Captive Wife, The Read online

Page 8


  In the night the ship began to shake. There was a fierce rumbling sound. My 1st thought, we was on the rocks. I went up on the deck and all was quiet and we were riding high in the water and no sign of trouble. I dropped the lead-line over and found 7 fathoms deep beneath us.

  I took myself down below and there it was again. I think perhaps it’s an earthquake, of which the natives have told me, when all the earth rolls from side to side and mighty mountains shift their seats and tumble into the sea. I believe none of this but what am I to think on hearing this harsh and grating sound so close beneath me. I think the ship is about to capsize.

  Again I went on deck and cast the lead-line, finding the same depth as before. Then for’ard it started like a living thing. In the moonlight I saw the cause of all the fuss, it was a whale and her calf rubbing against the anchor chain, as if to get the barnacles off their backs. Dawn was coming up fast and the last of the moon hurried away, and I saw 7 whales and their calves making their way out of the bay, taking their time.

  I knew then, this was where they come to have their calves, that when they pass through the strait they are on their way in and out of here. I had a vision before my eyes of a huge port filled with whaling ships the biggest the world has ever seen. As we sailed out a cloud came down across the sea and we sailed through it, the damp like quiet rain upon our faces, and I called it Cloudy Bay.

  About the house burning down. Mine is not the only 1. Some of the others have gone up in smoke. I heard the trouble was over 1 of the whalers’ wives, for she already had a husband when she come to live with him. The trouble is often about women. Not that it is anything to do with me. They think I am the chief which is true but not in the same way that the Maori chiefs rule. They expect me to put a stop to it. I have had a word with the men, told them to be careful who they take up with or they will get us all killed.
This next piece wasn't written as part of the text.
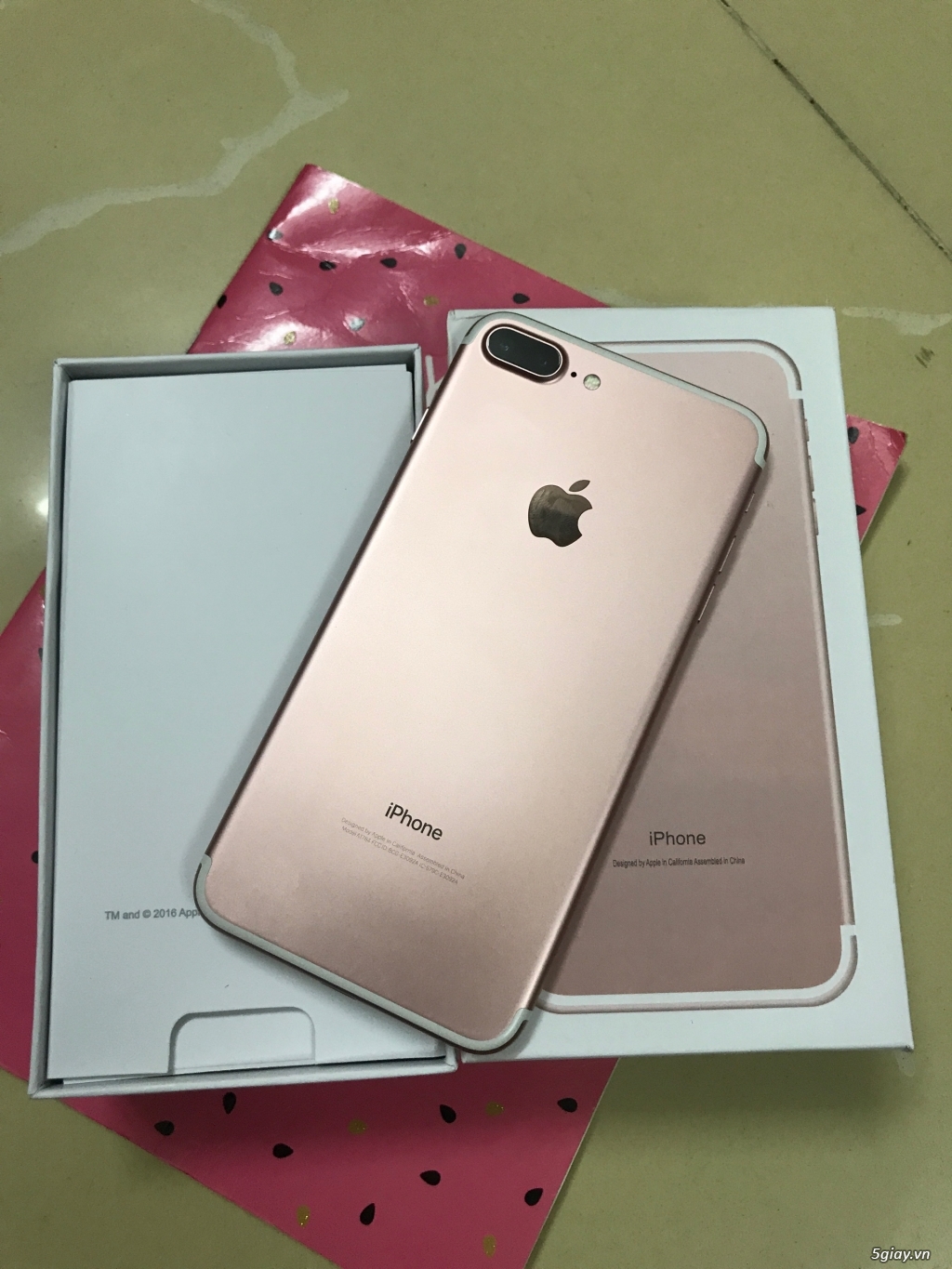 Bán iphone 7 plus vàng hồng 32gb 99.9% đẹp như mới nguyên zin - 1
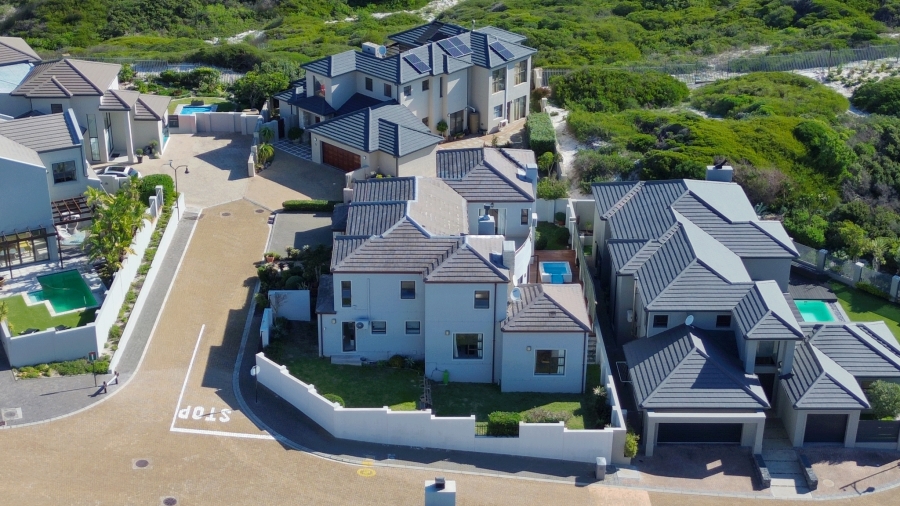 5 Bedroom Property for Sale in Big Bay Western Cape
  After that, I think the trouble will pass and it is easier to stay at Te Awaiti than shift camp. In the back of my mind, I put away the idea that Cloudy Bay is there for the taking, but first I need to turn a profit for Mr Campbell on this station. I decide that I will tell nobody about Cloudy Bay.

  About this time I begin to think that if the girl wd come over with me and settle it might be a good thing. Perhaps it wd be better for her than in Sydney and I wd stay more often at Te Awaiti. On my own, it is much like an animal’s life, living on whale meat which is not good to the taste and wild turnips. I need someone to put in a garden and cook my dinners and wash the clothes.

  Was this when I began thinking of bringing Betsy over?

  No.

  I have been thinking of her night and day for going on 2 years.

  She has flashing eyes.

  Her smell is that of the sweet untouched.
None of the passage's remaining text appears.